We aimed to design a mobile experience that felt additive, not disruptive. The goal was to ensure that TeamView Mobile complemented daily routines rather than competing with them, increasing the likelihood of adoption and sustained use.


the Approach

Narrowing down the primary function and use cases for TeamView desktop was critical to developing the mobile adaptation. We did this in a few ways:

Illuminating our assumptions with real insights

Gaining a clear understanding of business goals, drivers and blockers, as well as technical constraints was important to be able to understand how we could develop an effective mobile adaptation for the TeamView platform. We conducted multiple stakeholder workshops and questionnaires with the purpose of answering some critical questions:

• Where are users currently finding the most utility and value with the current TeamView product?

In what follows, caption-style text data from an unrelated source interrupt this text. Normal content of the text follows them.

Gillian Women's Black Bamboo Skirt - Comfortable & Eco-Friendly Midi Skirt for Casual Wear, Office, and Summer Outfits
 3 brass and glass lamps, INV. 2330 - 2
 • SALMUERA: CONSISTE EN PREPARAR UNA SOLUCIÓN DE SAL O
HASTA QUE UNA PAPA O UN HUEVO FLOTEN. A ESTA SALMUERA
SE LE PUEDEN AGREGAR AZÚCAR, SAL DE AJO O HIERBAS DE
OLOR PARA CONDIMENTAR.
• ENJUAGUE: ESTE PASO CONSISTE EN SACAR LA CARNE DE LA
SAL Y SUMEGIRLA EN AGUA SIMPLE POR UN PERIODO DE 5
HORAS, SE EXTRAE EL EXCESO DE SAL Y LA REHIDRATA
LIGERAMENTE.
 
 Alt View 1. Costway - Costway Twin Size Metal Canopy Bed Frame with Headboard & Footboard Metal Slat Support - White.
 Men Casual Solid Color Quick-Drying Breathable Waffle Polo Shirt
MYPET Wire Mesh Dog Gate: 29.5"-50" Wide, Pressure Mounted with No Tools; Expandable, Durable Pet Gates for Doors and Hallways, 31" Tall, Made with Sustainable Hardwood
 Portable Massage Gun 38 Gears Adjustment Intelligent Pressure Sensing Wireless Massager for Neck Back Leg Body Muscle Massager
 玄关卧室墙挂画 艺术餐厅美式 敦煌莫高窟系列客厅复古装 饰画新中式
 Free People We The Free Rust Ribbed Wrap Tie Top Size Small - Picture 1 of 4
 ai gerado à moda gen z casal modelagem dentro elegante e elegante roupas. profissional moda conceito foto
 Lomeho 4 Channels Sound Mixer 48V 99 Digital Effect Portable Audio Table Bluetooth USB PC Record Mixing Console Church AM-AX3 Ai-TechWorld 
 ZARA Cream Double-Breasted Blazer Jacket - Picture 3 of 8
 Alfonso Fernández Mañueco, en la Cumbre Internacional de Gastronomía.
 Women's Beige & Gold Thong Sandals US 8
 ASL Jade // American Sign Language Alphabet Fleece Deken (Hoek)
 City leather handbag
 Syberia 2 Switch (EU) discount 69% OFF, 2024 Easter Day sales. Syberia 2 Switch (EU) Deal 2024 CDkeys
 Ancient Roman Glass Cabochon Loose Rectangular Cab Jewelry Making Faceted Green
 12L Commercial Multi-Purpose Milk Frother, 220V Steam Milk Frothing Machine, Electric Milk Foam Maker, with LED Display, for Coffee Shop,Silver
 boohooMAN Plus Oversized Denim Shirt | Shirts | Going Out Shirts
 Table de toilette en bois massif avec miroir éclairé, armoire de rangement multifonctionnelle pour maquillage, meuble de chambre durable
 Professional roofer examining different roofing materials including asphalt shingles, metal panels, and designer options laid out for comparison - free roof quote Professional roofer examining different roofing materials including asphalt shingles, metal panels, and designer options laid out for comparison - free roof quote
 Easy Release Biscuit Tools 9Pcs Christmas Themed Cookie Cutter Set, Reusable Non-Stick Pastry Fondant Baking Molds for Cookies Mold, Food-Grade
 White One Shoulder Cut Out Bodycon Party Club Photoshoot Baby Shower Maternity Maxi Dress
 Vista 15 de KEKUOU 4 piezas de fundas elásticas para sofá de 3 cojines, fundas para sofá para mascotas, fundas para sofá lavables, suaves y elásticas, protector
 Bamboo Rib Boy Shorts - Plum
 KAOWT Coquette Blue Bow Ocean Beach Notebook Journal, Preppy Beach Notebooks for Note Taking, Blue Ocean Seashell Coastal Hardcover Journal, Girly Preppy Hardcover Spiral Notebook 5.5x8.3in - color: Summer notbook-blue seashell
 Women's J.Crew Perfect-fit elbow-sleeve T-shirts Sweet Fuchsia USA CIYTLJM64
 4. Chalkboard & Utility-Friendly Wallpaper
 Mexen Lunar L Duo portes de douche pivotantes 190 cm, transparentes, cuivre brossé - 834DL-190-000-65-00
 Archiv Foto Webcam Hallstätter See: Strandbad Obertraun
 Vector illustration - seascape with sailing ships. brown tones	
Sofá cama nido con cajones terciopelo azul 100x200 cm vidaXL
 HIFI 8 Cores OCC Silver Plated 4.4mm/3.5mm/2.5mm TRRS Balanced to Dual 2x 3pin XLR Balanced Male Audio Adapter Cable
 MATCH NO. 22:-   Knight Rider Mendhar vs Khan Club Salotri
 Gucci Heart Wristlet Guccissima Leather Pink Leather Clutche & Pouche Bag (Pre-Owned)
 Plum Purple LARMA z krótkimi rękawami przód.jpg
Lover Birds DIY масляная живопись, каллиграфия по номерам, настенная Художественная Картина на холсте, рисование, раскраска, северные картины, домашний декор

• If TeamView mobile were to sacrifice functional utility for the mobile adaptation, how else could the mobile product add value for Team Members?

• How can team team members seamlessly incorporate the TeamView product without major disruptions to their established workflow tools i.e Google chat, groups, Teams etc.

Maximising design efficiency

Clarifying the product constraints early allowed us to maximise our time for design and documentation at the end of the sprint - a critical phase pre-handover.

As this was a mobile web application, and not a standalone app, we were able to make a few considerations and concessions from the beginning:

• Focus on leveraging current user behaviour to maximise functionality of the mobile web app. This meant prioritising and enhancing current high-value feature sets such as Search and Profile, and placing lower priority on Groups and Network features.

• A limited timeframe meant that we needed to leverage the current design language as much as possible, rather than building mobile assets from scratch. We created a simple design system that relied more on the mindful use of colour and typography as opposed to complex interactions and transitions.

• We decided to keep the design as simple as possible in order to maximise the time spent on documentation. This tactic proved to be invaluable as a shorter design development time allowed us to be concise and detailed when it came to project handover.


Key insights

Complement, not compete

Our early research indicated that users were not seeking additional features or functionality on mobile - they valued speed, simplicity and focus in their workflows.

Rather than replicate the desktop experience, our approach of providing a pared-back version which emphasised core tasks that allowed them to find people quickly, view profiles and highlight organisational information proved to be the right one.

Feature overlap

Users noted a lack of feature clarity and were confused by the ‘Groups’ and ‘Save’ features, noting that existing platforms such as Slack and Google already serve similar functions.

This prompted a re-evaluation of feature positioning and purpose, with recommendations to either differentiate these features more clearly or explore integrations with existing tools to align with users’ established workflows.

Usability Gaps in Key Tasks

Despite a clean and intuitive UI, critical tasks showed low success rates and high misclicks, highlighting a need to improve flow clarity, visual cues, and alignment with users’ mental models and expectations.

This led to early discussions around implementing onboarding screens or instructional UI overlays to support task completion — though further testing was not conducted before project handover.


the outcome

• Overall, the project underscored the importance of aligning new digital tools with users’ existing workflows, reinforcing that successful adoption hinges not on offering more features, but on delivering targeted, intuitive value.

• Early usability test results informed a recommendation to potentially reframe or consolidate features to avoid redundancy and increase perceived value, ensuring the product fills a gap rather that replicate or replace existing behaviours.

• Talks of incorporating onboarding or instructional overlays emerged as a potential solution, but were not validated due to handover timing.